Cartões de Refeição como funcionam?
O objetivo principal de um cartão de refeição pré-pago é permitir a empresas e trabalhadores pagar menos impostos sobre o subsídio de...
19 out, 2018
O objetivo principal de um cartão de refeição pré-pago é permitir a empresas e trabalhadores pagar menos impostos sobre o subsídio de refeição.
Em Portugal, cada vez mais empresas que recorrem ao sistema de cartão de refeição para depositar a cada trabalhador o subsídio de alimentação, por cada dia de trabalho. O objetivo com este mecanismo é permitir a empresas e trabalhadores pagar menos impostos sobre o subsídio de refeição.
O cartão refeição, que funciona como um cartão de débito pré-pago, permite não só pagar uma refeição como pode ser utilizado para pagamento de eletrodomésticos, roupa ou sapatos. Isto porque o cartão de refeição também pode ser utilizado em super e hipermercados, onde se vende desde peças de vestuário a gasolina.
Por cá, existe uma grande empresa que gere cartões de refeição, presente em Portugal há 30 anos. O grupo Edenred é a responsável pelo conhecido cartão de refeição euroticket que muitas empresas, em Portugal, recorrem para pagar os subsídios de alimentação. E é a esta empresa que algumas entidades bancárias, como o Novo Banco, também recorrem para facilitar o acesso das suas empresas-cliente a este mecanismo.
Mas, por exemplo, um banco como o Santander tem um cartão próprio, que disponibiliza às suas empresas-clientes. Assim como o cartão euroticket da Edenred, trata-se de um cartão de refeição pré-pago equiparável a um vale de refeição emitido pelo Santander, a pedido de um cliente-empresa, a favor de um trabalhador devidamente registado junto do banco.
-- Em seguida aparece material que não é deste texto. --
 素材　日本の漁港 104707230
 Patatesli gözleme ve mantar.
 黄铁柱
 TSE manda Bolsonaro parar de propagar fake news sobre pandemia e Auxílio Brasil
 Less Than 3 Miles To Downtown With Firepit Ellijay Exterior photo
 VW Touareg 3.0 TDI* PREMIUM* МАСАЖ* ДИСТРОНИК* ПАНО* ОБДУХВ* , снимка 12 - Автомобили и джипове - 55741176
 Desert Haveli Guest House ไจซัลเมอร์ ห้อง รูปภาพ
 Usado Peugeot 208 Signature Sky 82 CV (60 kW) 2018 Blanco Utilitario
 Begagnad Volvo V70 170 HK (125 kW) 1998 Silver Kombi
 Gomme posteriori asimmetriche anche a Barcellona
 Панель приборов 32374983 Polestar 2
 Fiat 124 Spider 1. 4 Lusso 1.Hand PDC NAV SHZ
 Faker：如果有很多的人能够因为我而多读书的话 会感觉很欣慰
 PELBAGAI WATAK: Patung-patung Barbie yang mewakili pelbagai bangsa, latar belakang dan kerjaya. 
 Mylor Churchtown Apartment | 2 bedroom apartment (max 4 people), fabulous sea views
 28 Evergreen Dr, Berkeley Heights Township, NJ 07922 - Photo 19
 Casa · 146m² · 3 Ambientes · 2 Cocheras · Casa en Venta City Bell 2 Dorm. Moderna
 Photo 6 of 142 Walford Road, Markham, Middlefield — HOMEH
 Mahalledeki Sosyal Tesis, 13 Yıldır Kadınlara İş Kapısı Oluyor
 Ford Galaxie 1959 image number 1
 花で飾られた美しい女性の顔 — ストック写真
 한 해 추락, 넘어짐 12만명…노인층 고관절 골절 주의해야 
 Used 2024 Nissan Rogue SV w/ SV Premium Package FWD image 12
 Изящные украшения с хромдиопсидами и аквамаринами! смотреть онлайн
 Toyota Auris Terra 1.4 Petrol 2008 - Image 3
Além das instituições bancárias, do grupo Edenred, existe ainda a empresa Sodexo que também assegura a muitas empresas o mesmo tipo de cartão de refeição. O denominador comum destas empresas, face a estes cartões de refeição, é que permite usá-los para pagar despesas em mercearias, pastelarias, super e hipermercados.
A vantagem destes cartões é que as empresas e os funcionários poupam ao não aumentar a base de incidência do valor recebido, em subsídio de alimentação, para efeitos de taxa social única (TSU) e IRS. Isto é, podem existir benefícios fiscais na TSU, em comparação com o pagamento do subsídio de alimentação juntamente com o ordenado, para as empresas, e os benefícios fiscais em TSU e IRS (conforme o escalão de rendimentos) para os trabalhadores.
Por oposição, a desvantagem imediata ocorre quando não existe acordo entre o estabelecimento onde pretendemos utilizar o cartão refeição e o emissor do mesmo. Mais, ao receber o subsídio em cartão de refeição pré-pago outra desvantagem é que o valor deduzido do seu salário, ao fim de cada mês, para efeitos de desconto de segurança social é menor.
Como obter um?
1. A entidade patronal, depois de tomada a decisão de efetuar o pagamento do subsídio de refeição em cartão pré-pago, transfere mensalmente para o cartão refeição o valor do subsídio de alimentação.
2. Os beneficiários do cartão poderão utilizá-lo, até ao limite do saldo pré-pago, em todos os pagamentos efetuados em terminais de pagamentos automáticos, nas lojas do setor alimentar que tenham acordo com o emissor do cartão.
3. Como qualquer outro cartão desta natureza, tem um código PIN e é pessoal e intransmissível.
4. Pode-se consultar o saldo disponível e os últimos movimentos efetuados com o cartão refeição nas ATM ou online.
5. Os valores recebidos não podem ser convertidos em numerário, assim o cartão refeição não permite o levantamento de dinheiro.
6. Sempre que não utilizar todo o dinheiro, este fica disponível para utilização nos meses seguintes.